I'm trying to retrieve a <p class>
element.
<div class="thread-plate__details">
<h3 class="thread-plate__title">(S) HexHunter BOW</h3>
<p class="thread-plate__summary">created by Aazoth</p> <!-- (THIS ONE) -->
</div>
But with no luck.
The code I am using is below:
' the example url to scrape
Dim url As String = "http://services.runescape.com/m=forum/forums.ws?39,40,goto," & Label6.Text
Dim source As String = GetSource(url)
If source IsNot Nothing Then
' create a new html document and load the pages source
Dim htmlDocument As New HtmlDocument
htmlDocument.LoadHtml(source)
' Create a new collection of all href tags
Dim nodes As HtmlNodeCollection = htmlDocument.DocumentNode.SelectNodes("//p[@class]")
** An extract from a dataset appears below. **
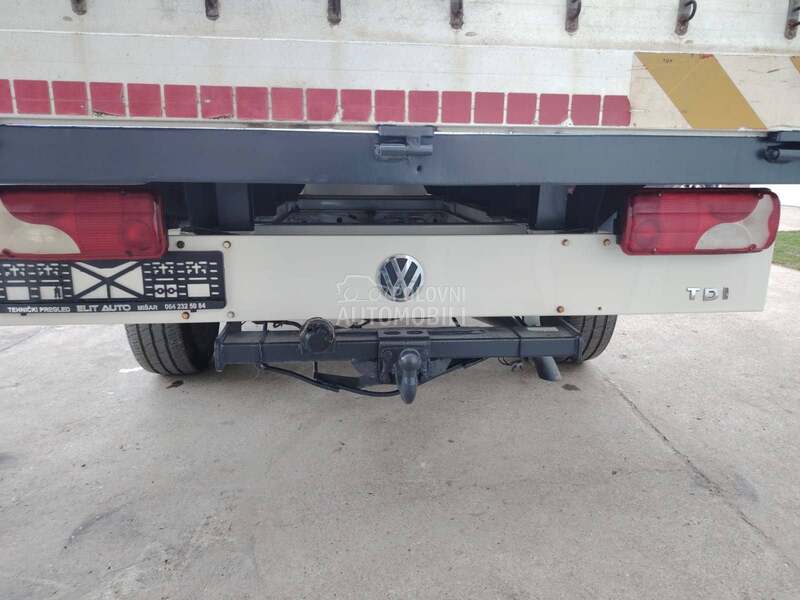 Volkswagen Crafter Putar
' Using LINQ get all href values that start with http://
' of course there are others such as www.
Dim links =
(
From node
In nodes
Let attribute = node.Attributes("class")
Where attribute.Value.StartsWith("created by ")
Select attribute.Value
)
Me.ListBox1a.Items.AddRange(links.ToArray)
Dim o, j As Long
For o = 0 To ListBox1a.Items.Count - 1
For j = ListBox1a.Items.Count - 1 To (o + 1) Step -1
If ListBox1a.Items(o) = ListBox1a.Items(j) Then
ListBox1a.Items.Remove(ListBox1a.Items((j)))
End If
Next
Next
For i As Integer = 0 To Me.ListBox1a.Items.Count - 1
Me.ListBox1a.Items(i) = Me.ListBox1a.Items(i).ToString.Replace("created by ", "")
Next
For Each s As String In ListBox1a.Items
Dim lvi As New NetSeal.NSListView
lvi.Text = s
NsListView1.Items.Add(lvi.Text)
Next
It runs but I can't get the 'created by XXX' text. I've tried many ways but got no luck, an hand would be appreciated.
Thanks in advance everyone.
Looks like you are looking wrong string in the attribute.Value
. What I see is that attribute.Value.StartsWith("created by ")
must be changed to this one attribute.Value.StartsWith("thread-plate__summary")
.
And to grab inner content of node you have to do this: Select node.InnerText
;
' the example url to scrape
Dim url As String = "http://services.runescape.com/m=forum/forums.ws?39,40,goto," & Label6.Text
Dim source As String = GetSource(url)
If source IsNot Nothing Then
' create a new html document and load the pages source
Dim htmlDocument As New HtmlDocument
htmlDocument.LoadHtml(source)
' Create a new collection of all href tags
Dim nodes As HtmlNodeCollection = htmlDocument.DocumentNode.SelectNodes("//p[@class]")
' Using LINQ get all href values that start with http://
' of course there are others such as www.
Dim links =
(
From node
In nodes
Let attribute = node.Attributes("class")
Where attribute.Value.StartsWith("thread-plate__summary")
Select node.InnerText
)
Me.ListBox1a.Items.AddRange(links.ToArray)
Dim o, j As Long
For o = 0 To ListBox1a.Items.Count - 1
For j = ListBox1a.Items.Count - 1 To (o + 1) Step -1
If ListBox1a.Items(o) = ListBox1a.Items(j) Then
ListBox1a.Items.Remove(ListBox1a.Items((j)))
End If
Next
Next
For i As Integer = 0 To Me.ListBox1a.Items.Count - 1
Me.ListBox1a.Items(i) = Me.ListBox1a.Items(i).ToString.Replace("created by ", "")
Next
For Each s As String In ListBox1a.Items
Dim lvi As New NetSeal.NSListView
lvi.Text = s
NsListView1.Items.Add(lvi.Text)
Next
I hope this will work for you.